When I started my current job the team I joined had one engineer doing circuit card design/development work. There were no development processes of any kind, documented or otherwise. This lack of processes combined with a lack of rigor / attention to detail on the engineer's part led to very poor designs and significant rework which eventually led to that engineer being reassigned to a position where they could do less damage. When that engineer was reassigned another engineer and I were tasked with putting some quality control processes in place as we took over. So far we have instituted the following:
- Hardware design description documents are developed prior to / in parallel with the schematic to capture functional intent
- Parts libraries, schematics, and board layouts are under configuration control (using git)
- Schematics are no longer illegible messes
- Reviews are performed prior to considering parts library parts ready for use or ordering prototypes
- CAD automated checks (ERC and DRC) are used
- Parts lists are generated from the EAGLE project instead of being maintained by hand
There is still lots of room for improvement. Some things I am particularly interested in (but am unsure how feasable they are) are:
- Where should simulations and manual circuit analysis be captured to aid reviewers and future engineers? Is the hardware design description document a good place for this? A project journal? Is there a more CAD centric approach that would be better?
- Is it possible to have automated part selection guidance (e.g. getting resistor power dissipation requirements from the simulation of a notional circuit design)?
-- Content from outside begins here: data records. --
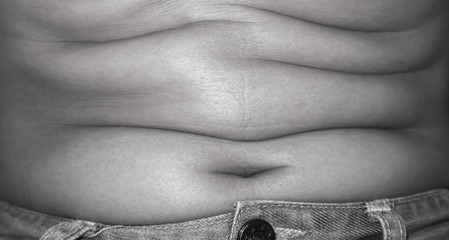 Closeup of abdominal surface woman fat black and white tone color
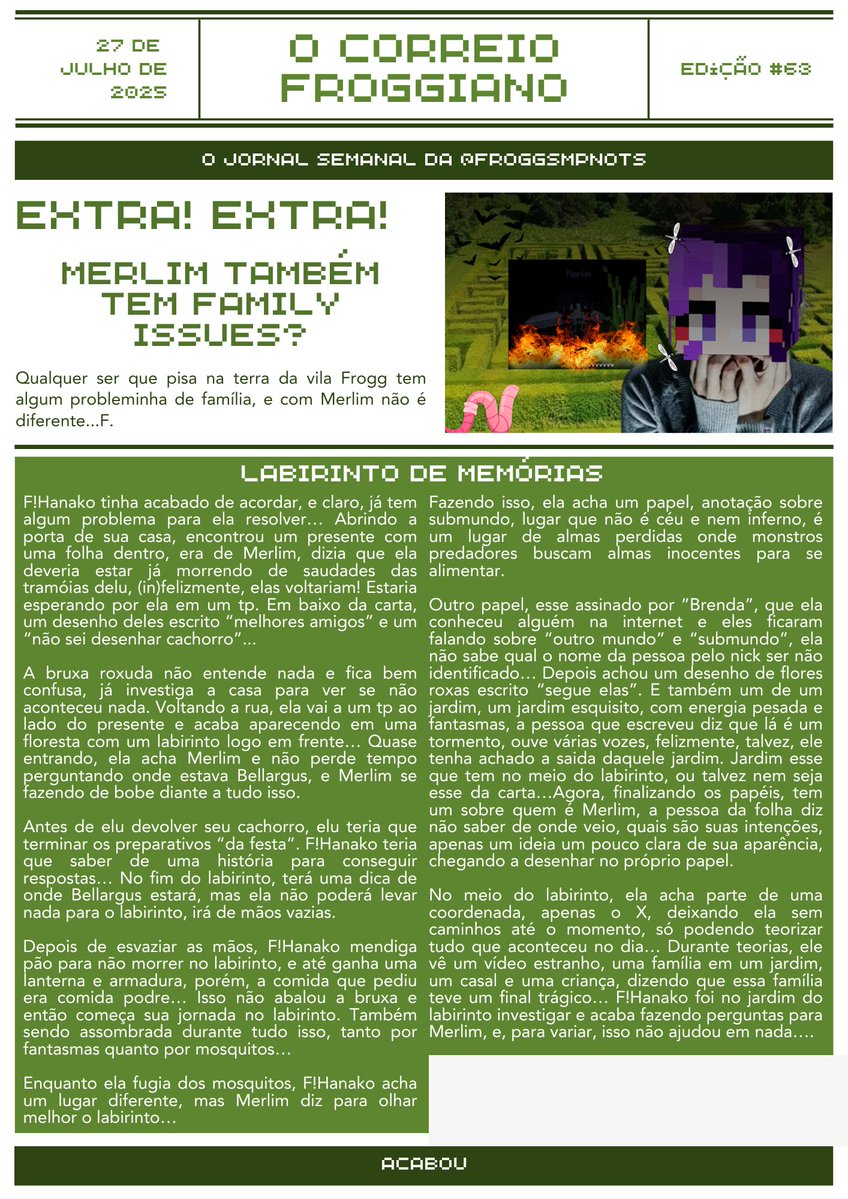 froggsmpnots's tweet image. 🗞️| O CORREIO FROGGIANO
JORNAL SEMANAL - TODO DOMINGO
#FSMP #FROGGSMP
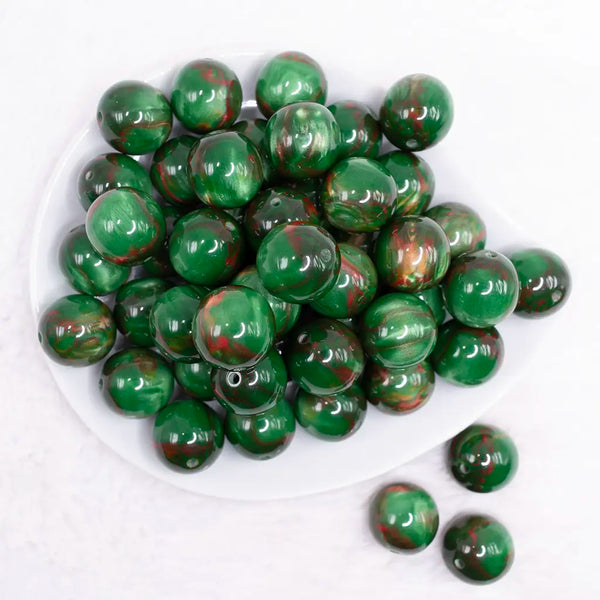 20mm Dark Green Illusion Glitter Bubblegum Bead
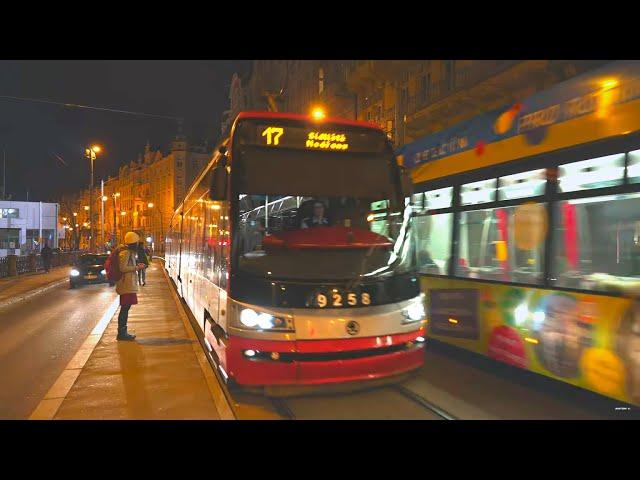 Czech Republic, Prague, tram 17 night ride from Jiráskovo náměstí to Podolská vodárna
- Would it be possible to use a CAD model to validate part selection (e.g. ensuring power and voltage ratings of selected parts are sufficient)?
- Is it possible to automate power consumption calculations?
We are currently using Cadsoft EAGLE for circuit card development work but will likely be switching to KiCad. Any insight anyone has regarding the above questions would be greatly appreciated as would any general hardware development tools, processes, and best practices advice. The rest of this post is just a description/rant of what I am dealing with that may help you tailor anything you have to offer.
Personal Background
- General exposure to electronics when growing up through assisting with home electrical projects and ham radio.
- B.S. in mechanical engineering specializing in mechatronics with a minor in math. Got just enough education/experience in electrical engineering and bare metal software development to be dangerous.
- 5.5 years work experience all of which has been at my current job which I started a few months after graduating. Nearly all the work I have done has been electrical engineering and bare metal software development.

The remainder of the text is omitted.